Data Quality Reboot Series For Big Data: Part 2 Persistence Vs. Disposable Quality

We last spoke about how to reboot our thinking on master data to provide a more flexible and useful structure when working with big data. In the structured data world, having a model to work from provides comfort. However, there is an element of comfort and control that has to be given up with big data, and that is our definition and the underlying premise for data quality.

Current thinking: Persistence of cleansed data.For years data quality efforts have focused on finding and correcting bad data. We used the word “cleansing” to represent the removal of what we didn’t want, exterminating it like it was an infestation of bugs or rats. Knowing what your data is, what it should look like, and how to transform it into submission defined the data quality handbook. Whole practices were stood up to track data quality issues, establish workflows and teams to clean the data, and then reports were produced to show what was done. Accomplishment was the progress and maintenance of the number of duplicates, complete records, last update, conformance to standards, etc. Our reports may also be tied to our personal goals. Now comes big data — how do we cleanse and tame that beast?

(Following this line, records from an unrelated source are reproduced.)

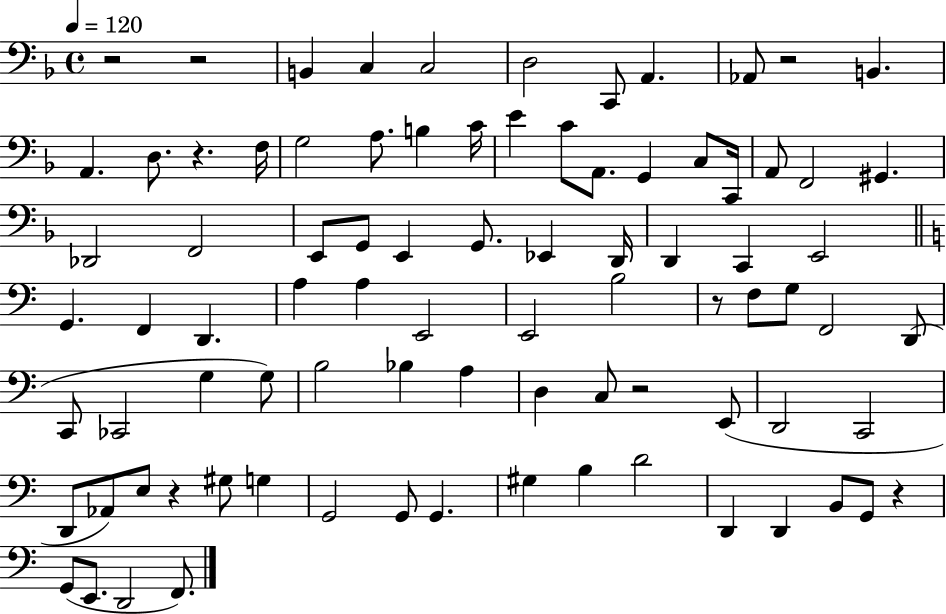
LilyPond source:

{
  \clef bass
  \time 4/4
  \defaultTimeSignature
  \key f \major
  \tempo 4 = 120
  r2 r2 | b,4 c4 c2 | d2 c,8 a,4. | aes,8 r2 b,4. | \break a,4. d8. r4. f16 | g2 a8. b4 c'16 | e'4 c'8 a,8. g,4 c8 c,16 | a,8 f,2 gis,4. | \break des,2 f,2 | e,8 g,8 e,4 g,8. ees,4 d,16 | d,4 c,4 e,2 | \bar "||" \break \key c \major g,4. f,4 d,4. | a4 a4 e,2 | e,2 b2 | r8 f8 g8 f,2 d,8( | \break c,8 ces,2 g4 g8) | b2 bes4 a4 | d4 c8 r2 e,8( | d,2 c,2 | \break d,8 aes,8) e8 r4 gis8 g4 | g,2 g,8 g,4. | gis4 b4 d'2 | d,4 d,4 b,8 g,8 r4 | \break g,8( e,8. d,2 f,8.) | \bar "|."
}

Reboot: Disposability of data quality transformation. The answer to the above question is, maybe you don’t. The nature of big data doesn’t allow itself to traditional data quality practices. The volume may be too large for processing. The volatility and velocity of data change too frequently to manage. The variety of data, both in scale and visibility, is ambiguous.

Your data quality efforts need to be defined more as profiling and standards versus cleansing. This is better aligned to how big data is managed and processed. While on the surface, big data processing is batch in nature, it would seem obvious to institute data quality rules the way they have always been done. But the answer is to be more service-oriented, invoking data quality rules that provide improved standardization and sourcing during processing versus fundamentally changing the data. In addition, data quality rules are invoked in a customized fashion based on customer service calls from big data processing.

Why this also makes sense is that when you do decide to persist sourced big data into your internal infrastructure, you have pre-aligned the data to existing policies for integration and business rules for improved mapping and cleansing that would need to persist. In essence you treat big data as a reference source, not a primary source. When have you looked to persist your data quality rules on reference data from a third party?

So, think about data quality in the context of supporting preprocessing with Hadoop and MapR through profiling and standards, not cleansing.

Up Next:

Reboot: Data quality and acceptable risk

Comments

Nice thought!

In other words, stop thinking of ETL processes as the only way to assure back end data quality.
One thing to think about is the use of virtualization technology to produce cleansed virtual views of data that reach back to raw big data sets.
Another related thought is the notion of "just in time quality". When you are operating on raw big data sets, I think we should be creating "just in time" quality services capability of doing just enough transformation and cleansing to get to the desired outcome.
Pig script is a great Hadoop-enabled big data transformation language, and I regularly hear about firms using it to cut big data transformation operations by an order of magnitude or more.